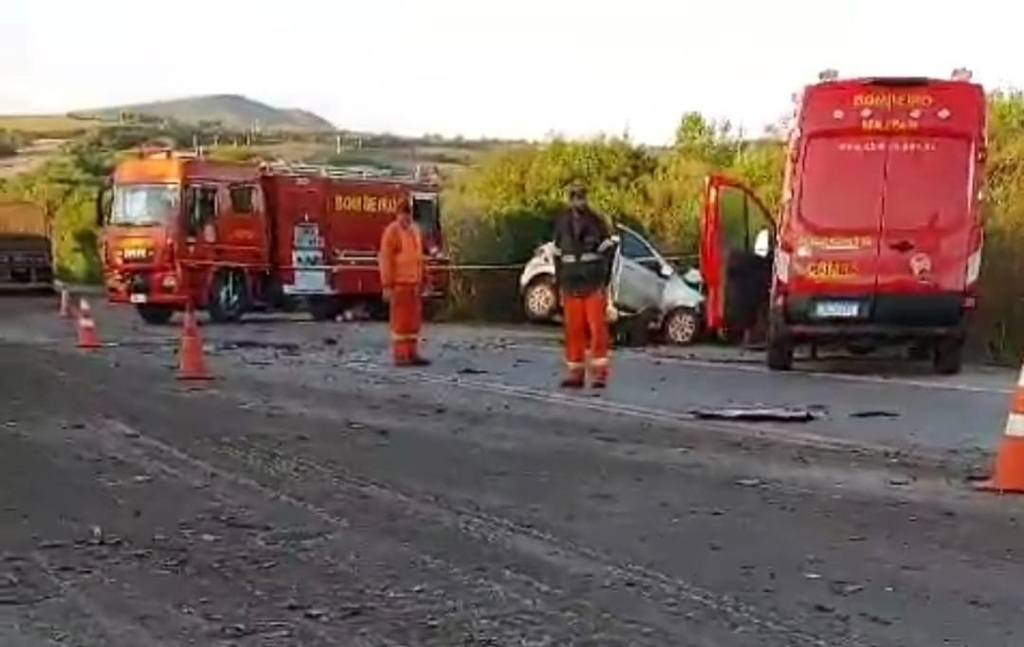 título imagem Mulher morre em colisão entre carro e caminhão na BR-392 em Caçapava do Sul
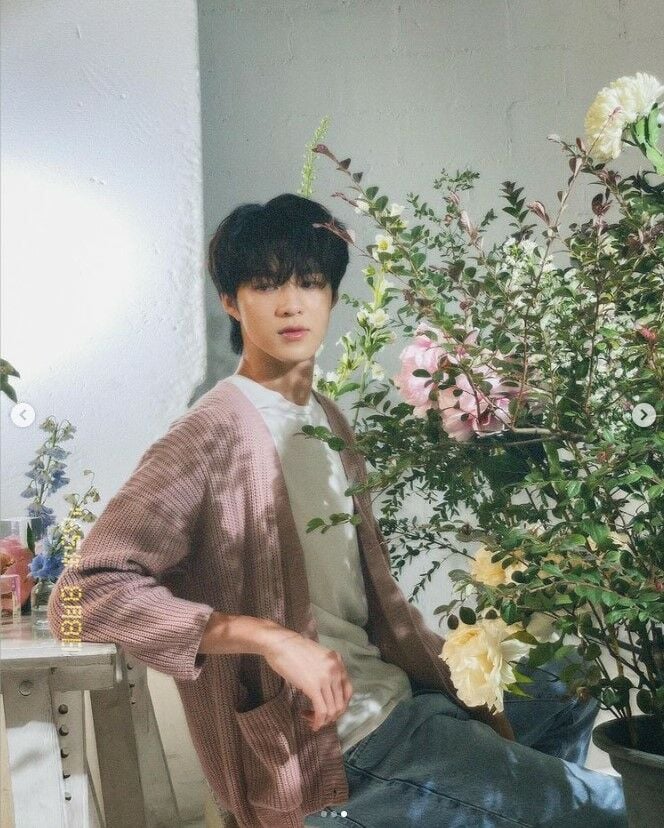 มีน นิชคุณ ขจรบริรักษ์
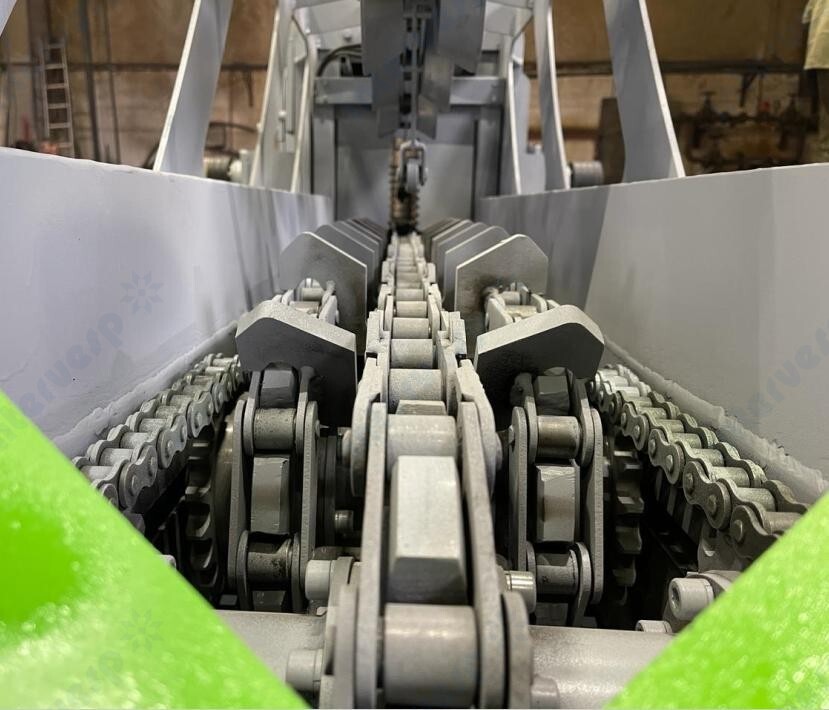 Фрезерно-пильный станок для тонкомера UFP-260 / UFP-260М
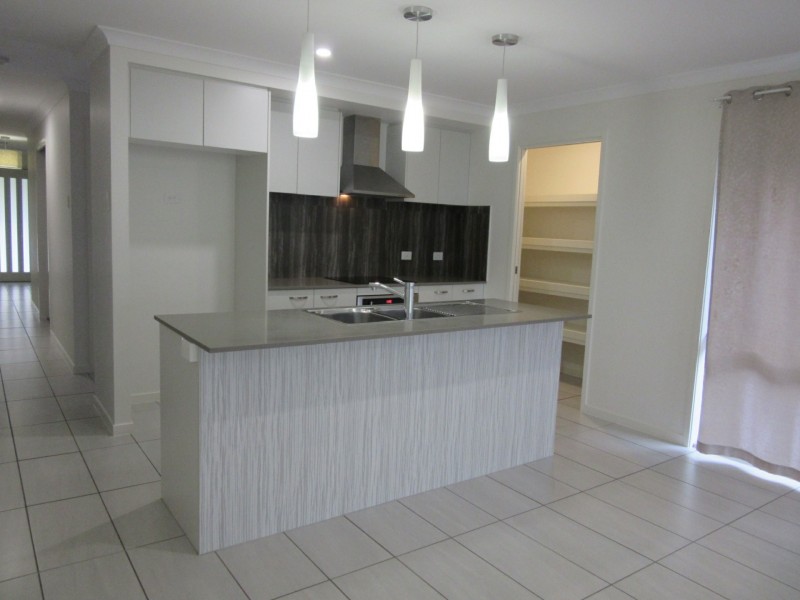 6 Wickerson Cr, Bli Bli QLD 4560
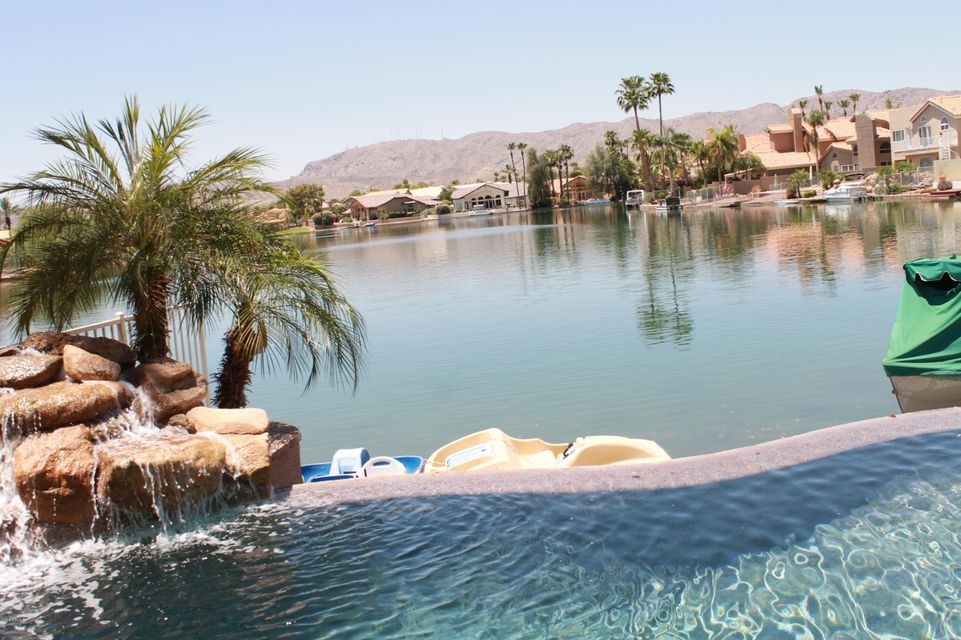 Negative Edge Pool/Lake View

::::::::

Brief
Leaving out every picture, copy exactly the lines from the one that contains "มีน นิชคุณ ขจรบริรักษ์" through the end of the entries above.

Result
 มีน นิชคุณ ขจรบริรักษ์
 Фрезерно-пильный станок для тонкомера UFP-260 / UFP-260М
 6 Wickerson Cr, Bli Bli QLD 4560
 Negative Edge Pool/Lake View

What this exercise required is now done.